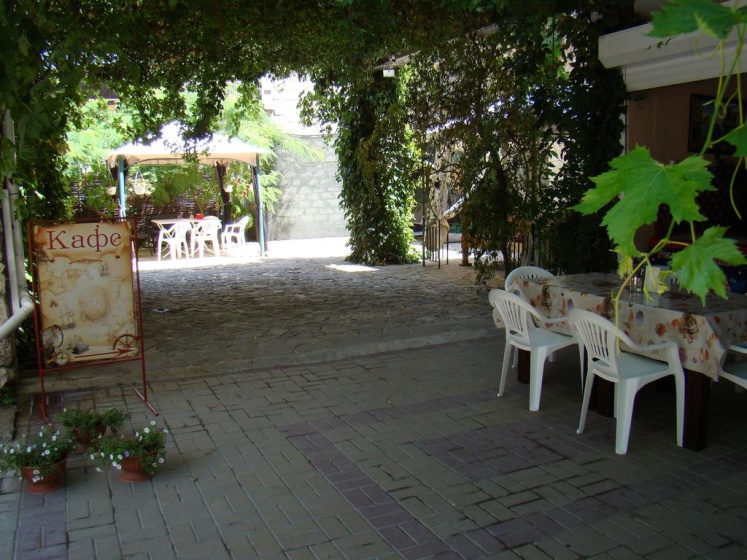 Цены на Elling Oazis Guest House в Феодосия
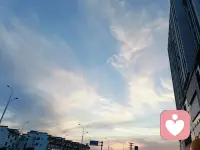 人生不必太匆忙，接纳所有不完美，接纳情绪、接纳遗憾，好好生活，慢慢发光，普通也很好，平安就足矣。配图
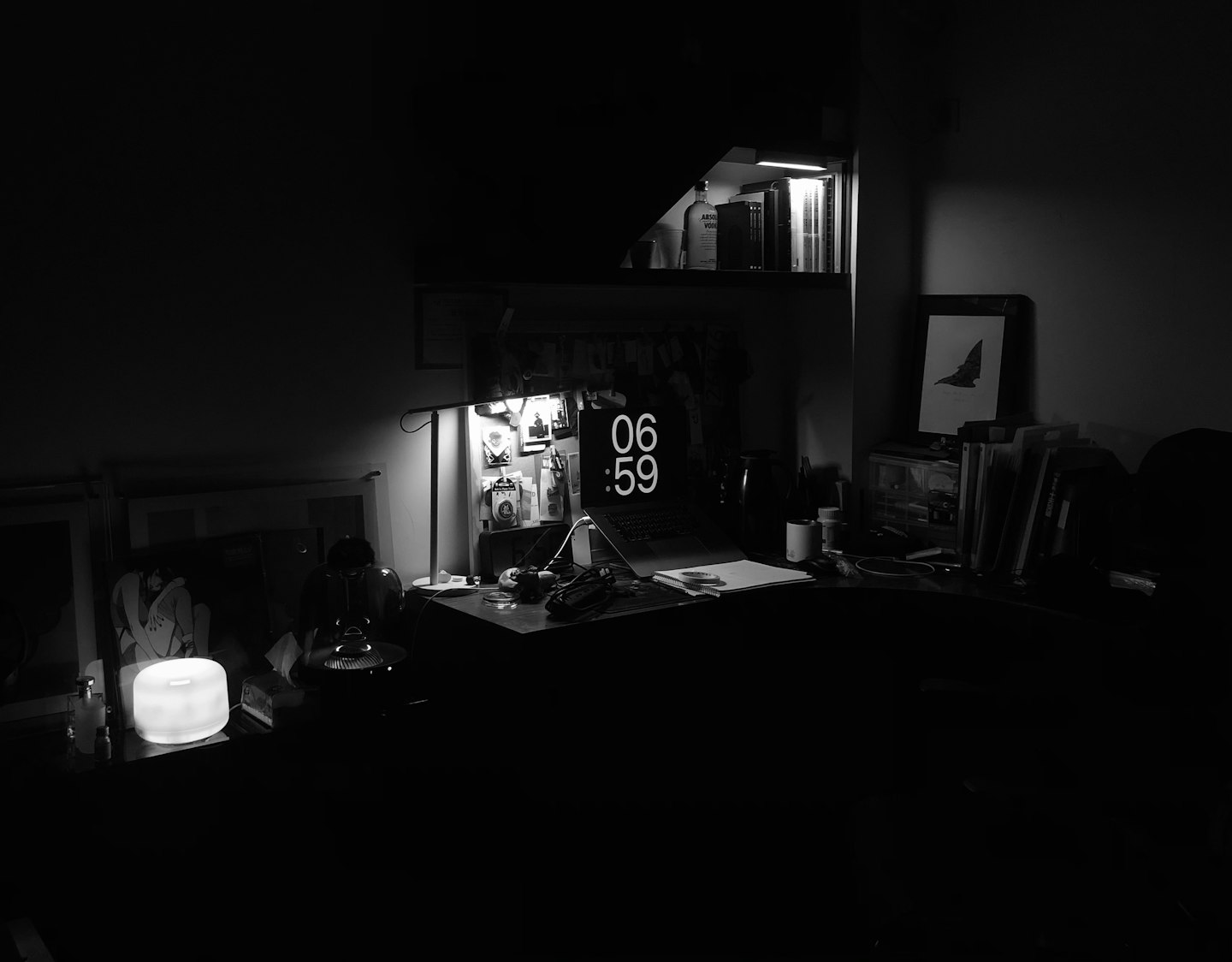 a desk with a lamp and a picture on it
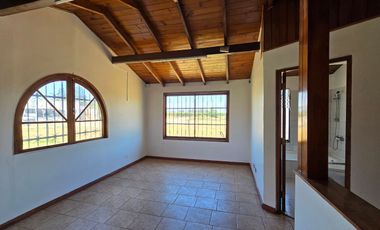 Casa 3 dorm, 2 baños con gran terreno Calle Olea / Isla de Maipo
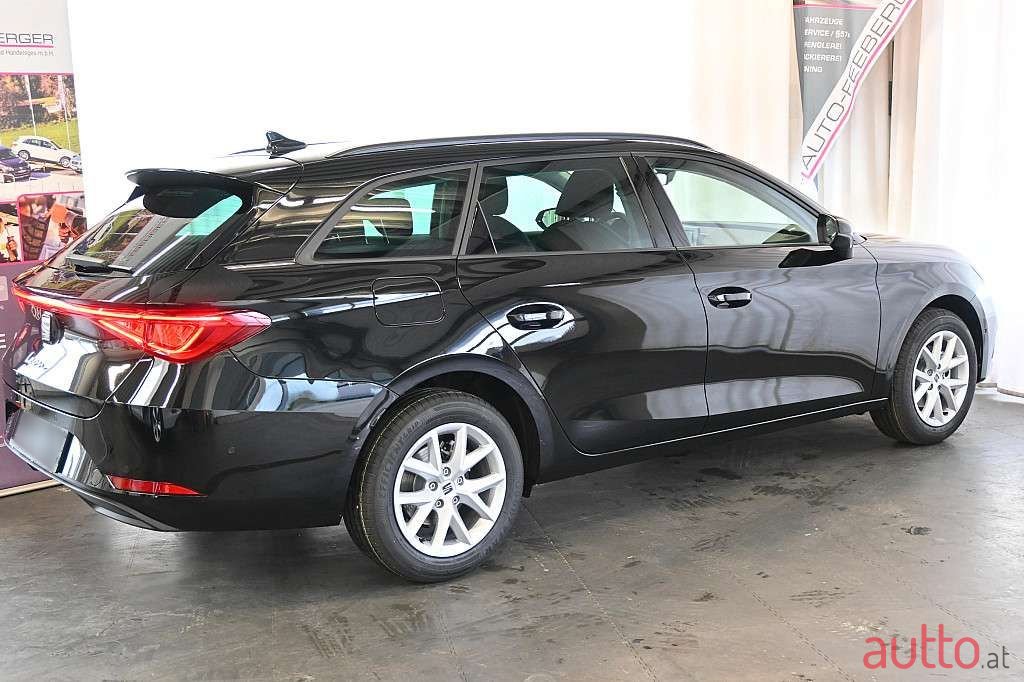 2024' SEAT Leon photo #3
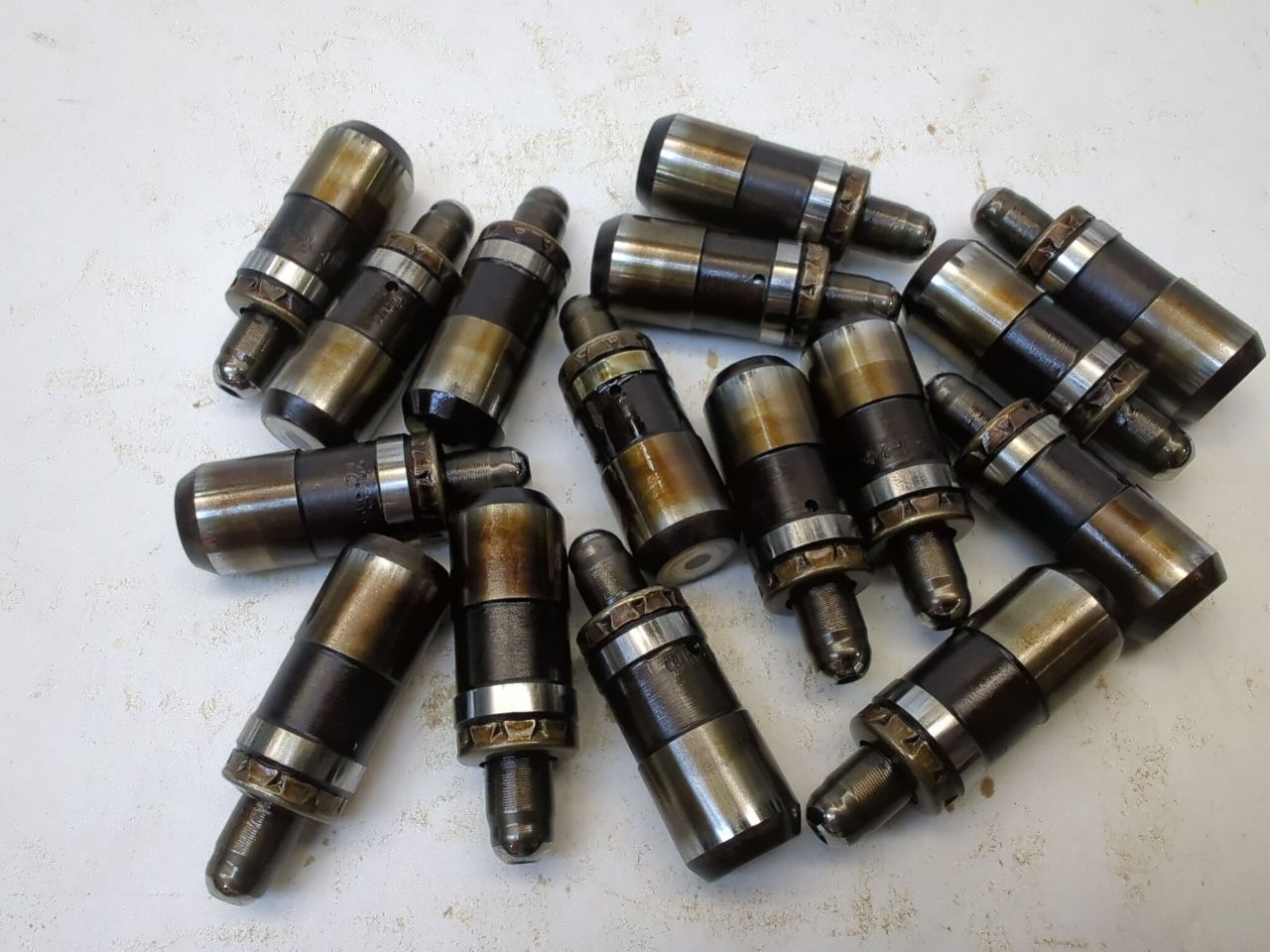 Engine Parts Misc. Valve Lash Adjuster/Lifter Set Of 16 2004 PT Cruiser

========================================================================

REQUIREMENT - Transcribe the listing exactly; omit all images.

EXERCISE SOLUTION -
 Цены на Elling Oazis Guest House в Феодосия
 人生不必太匆忙，接纳所有不完美，接纳情绪、接纳遗憾，好好生活，慢慢发光，普通也很好，平安就足矣。配图
 a desk with a lamp and a picture on it
 Casa 3 dorm, 2 baños con gran terreno Calle Olea / Isla de Maipo
 2024' SEAT Leon photo #3
 Engine Parts Misc. Valve Lash Adjuster/Lifter Set Of 16 2004 PT Cruiser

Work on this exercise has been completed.